Słabsze popołudnie
Wtorkowa sesja na globalnych rynkach walutowych miała spokojny przebieg. Inwestorzy ograniczali aktywność, czekając na wyniki wyborów w USA. Dlatego notowania głównych par walut, w tym EUR/USD, przez cały dzień poruszały się w wąskich przedziałach
W Warszawie wczorajsze notowania również nie były zbyt emocjonujące. Do aktywniejszego handlu nie zachęcała rodzimych inwestorów środowa decyzja Rady Polityki Pieniężnej. Rynek prognozuje, że RPP obniży główną stopę procentową o 0,25 pkt bazowych. Podobne oczekiwania gracze mieli jednak również miesiąc temu. Tymczasem RPP pozostawiła wówczas stopy procentowe bez zmian.

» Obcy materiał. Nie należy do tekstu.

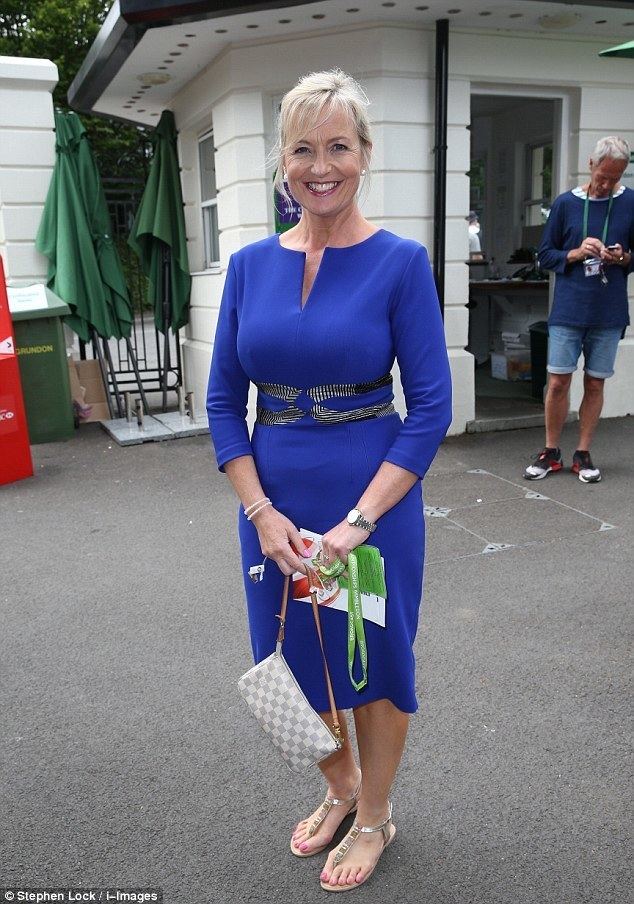 Carol Kirkwood smiling while holding a bag and wearing a blue dress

Na starcie wtorkowej sesji za euro płacono na naszym rynku 4,11 zł, a za franka szwajcarskiego niespełna 3,41 zł. Dolar wyceniany był na 3,21 zł. W kolejnych godzinach ceny wahały się wokół poniedziałkowych zamknięć. Dopiero po południu sprzedający zdobyli lekką przewagę, przez co złoty nieco osłabł. Euro kosztowało 4,12 zł, a frank ponad 3,41 zł. Za dolara płacono 3,21–3,22 zł.
Na rynku długu oprocentowanie obligacji dziesięcioletnich wzrosło do 4,38 proc., pięcioletnich do 3,92 proc. W przypadku dwulatek rentowność spadła do 3,78 proc.